Reproduce the listing below exactly, except for its pictures.

The data -
[Start of Attachment]
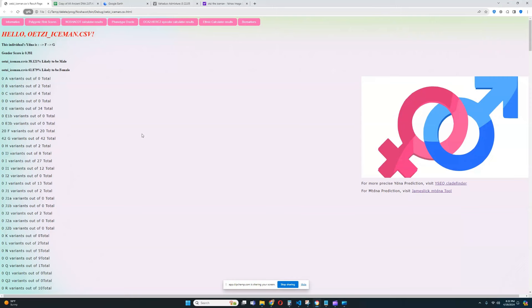Hello, my friends. In this video, we'll be taking a look at the DNA results of a European farmer that has been extensively discussed online, and I am currently talking about Ötzi the Iceman.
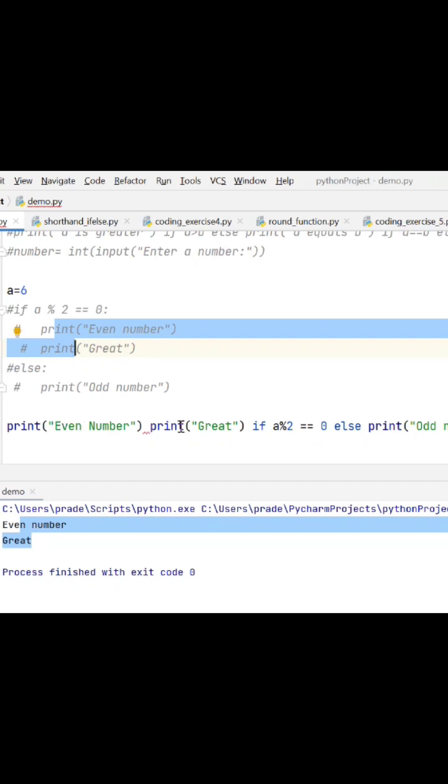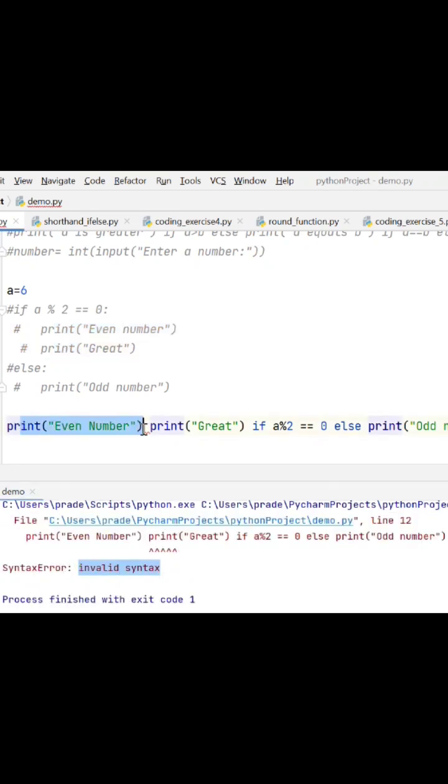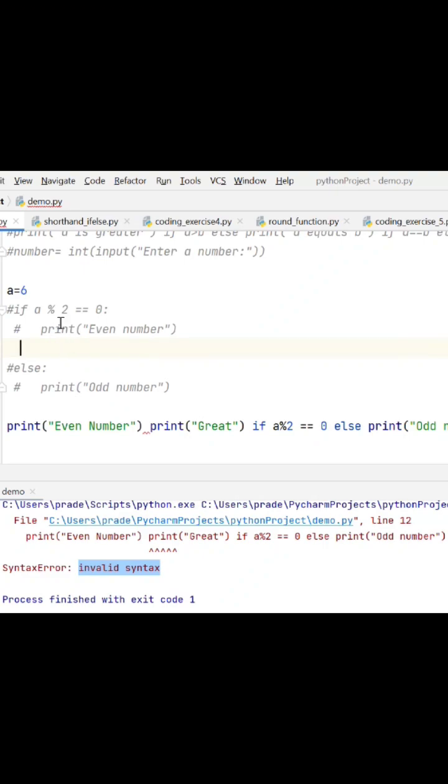But here it will give an error. Let's run this and I'll show you - see, syntax error. This is invalid syntax. Only one statement you can use. It should be one statement, then you can use shorthand if-else.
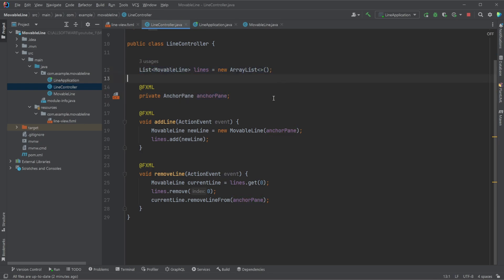We can then simply call lines.get zero. And because they're going to be moving down when we remove an element, this works fine. So we get the first element in our list, which is the oldest element.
[End of Attachment]
Your solution -
Hello, my friends. In this video, we'll be taking a look at the DNA results of a European farmer that has been extensively discussed online, and I am currently talking about Ötzi the Iceman.
But here it will give an error. Let's run this and I'll show you - see, syntax error. This is invalid syntax. Only one statement you can use. It should be one statement, then you can use shorthand if-else.
We can then simply call lines.get zero. And because they're going to be moving down when we remove an element, this works fine. So we get the first element in our list, which is the oldest element.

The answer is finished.